◆ Data excerpts
******************************
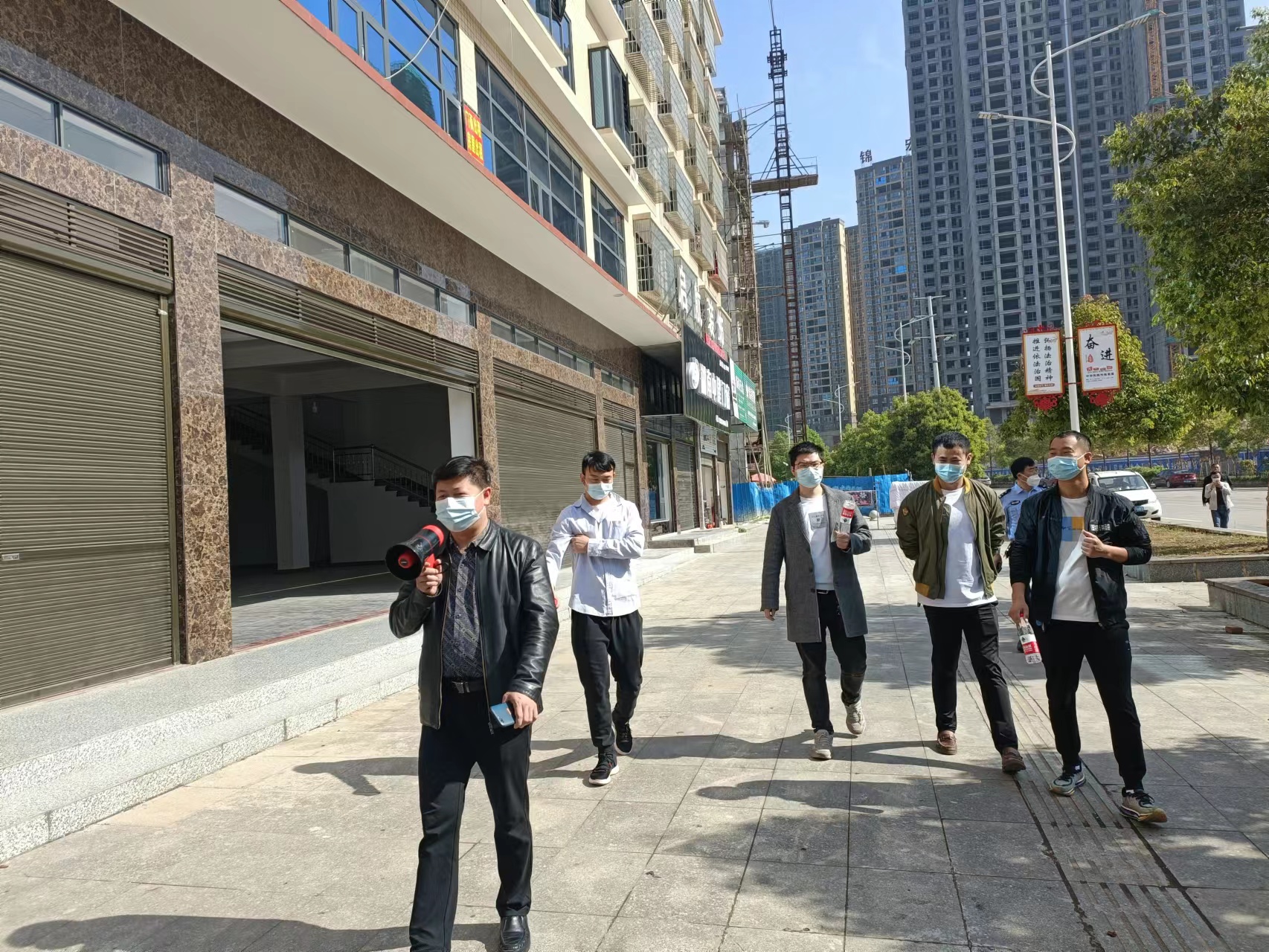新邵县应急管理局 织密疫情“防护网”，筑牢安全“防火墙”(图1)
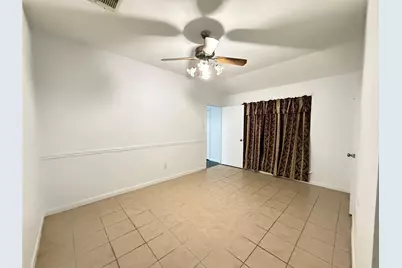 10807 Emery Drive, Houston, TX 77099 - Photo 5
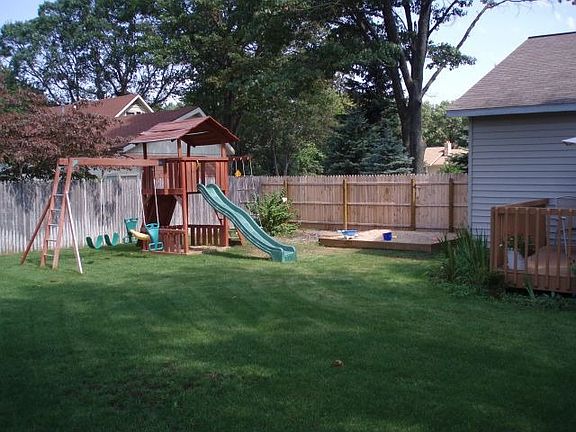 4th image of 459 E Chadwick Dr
******************************
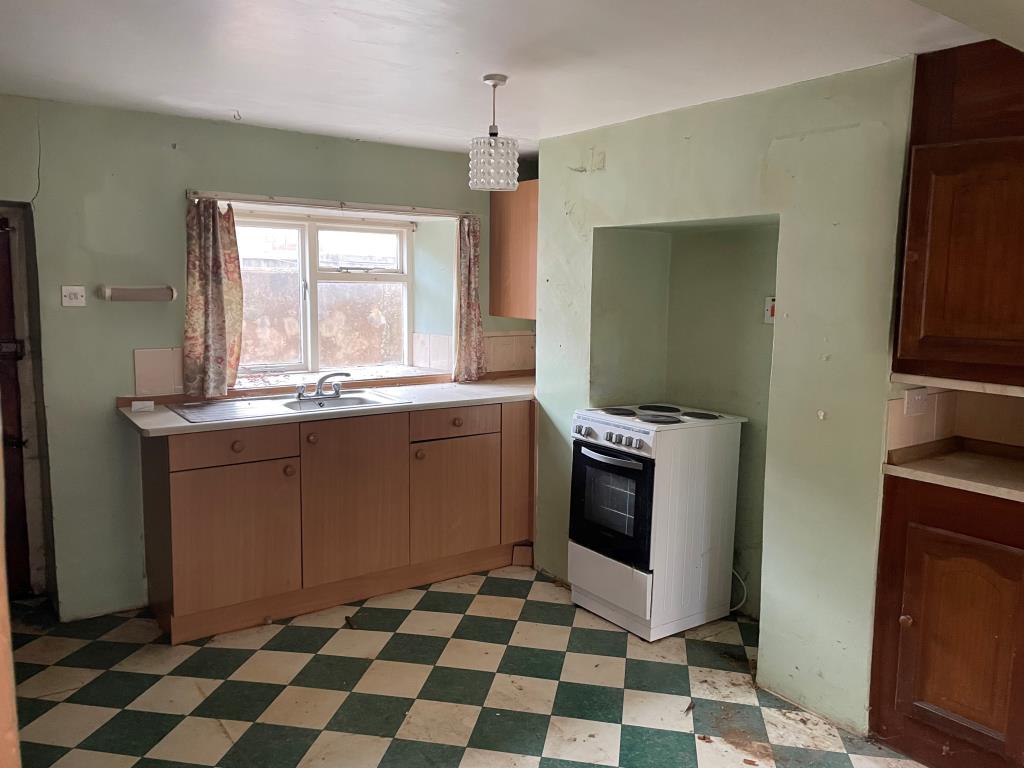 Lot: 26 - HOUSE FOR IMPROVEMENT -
******************************
◆ Requirement
Find the line with "10807 Emery Drive, Houston, TX" and the line with "4th image of 459 E Chadwick Dr" in the records above. Copy both and all lines between them exactly, without pictures.

◆ Answer below
 10807 Emery Drive, Houston, TX 77099 - Photo 5
 4th image of 459 E Chadwick Dr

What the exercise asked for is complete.